The Competitiveness Compass outlines multiple decarbonization policy measures, positioning them as drivers of economic growth. The communication highlights the importance of decarbonization for both energy security and climate change. Collectively, these measures contribute to an intermediate climate target of 90% CO₂ reduction by 2040, to be incorporated into the European Climate Law. First in line is the Clean Industrial Deal, expected to be published in Q1 2025.
Based on the Competitiveness Compass, we anticipate focus for the current Commission mandate on the following key climate and energy policy themes:
- General policy instruments will be replaced with sector-specific policy packages, maintaining a technology-neutral approach. Energy-intensive sectors (e.g., steel, metals, and chemicals) will benefit from trade defense instruments (e.g., CBAM) to ensure a level playing field, while transition support will be provided through action plans and restructured state aid.
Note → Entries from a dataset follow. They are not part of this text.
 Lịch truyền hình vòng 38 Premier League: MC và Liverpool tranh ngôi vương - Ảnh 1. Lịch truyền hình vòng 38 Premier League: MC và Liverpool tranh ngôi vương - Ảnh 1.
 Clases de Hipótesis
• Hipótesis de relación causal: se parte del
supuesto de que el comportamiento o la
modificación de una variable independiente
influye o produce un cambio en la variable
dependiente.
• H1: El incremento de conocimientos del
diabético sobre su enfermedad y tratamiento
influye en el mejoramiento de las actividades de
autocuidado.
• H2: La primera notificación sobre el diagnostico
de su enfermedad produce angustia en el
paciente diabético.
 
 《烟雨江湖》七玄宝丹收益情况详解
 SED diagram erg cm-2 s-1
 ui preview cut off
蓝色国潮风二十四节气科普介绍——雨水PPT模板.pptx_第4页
The Commission announces policy intervention will be based increasingly on:
“assessment of needs and market outlook, focusing on technologies key for decarbonization and economic resilience, emerging sectors, or on technologies where current EU domestic production risks being put under pressure by international competitors benefiting from an uneven playing field, subsidies or support polices leading to non-market overcapacity.”
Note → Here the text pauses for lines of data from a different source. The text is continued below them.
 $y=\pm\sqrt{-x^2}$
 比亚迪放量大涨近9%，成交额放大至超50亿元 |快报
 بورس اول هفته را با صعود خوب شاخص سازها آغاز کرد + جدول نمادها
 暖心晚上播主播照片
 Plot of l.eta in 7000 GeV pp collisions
- A strong push to lower energy costs through:
- Expanding renewable electricity capacity,
- Maturing renewable energy market instruments,
- Reducing tariffs and taxes.
High and volatile energy prices for end-users will become a key political focus. In the long term, efforts will focus on maturing the Power Purchase Agreement (PPA) markets, reducing power price dependence on fossil fuels. Industrial users will be incentivized for demand flexibility.
- Permanent carbon removal will be incentivized to improve its business case, but no significant incentives are expected before 2027.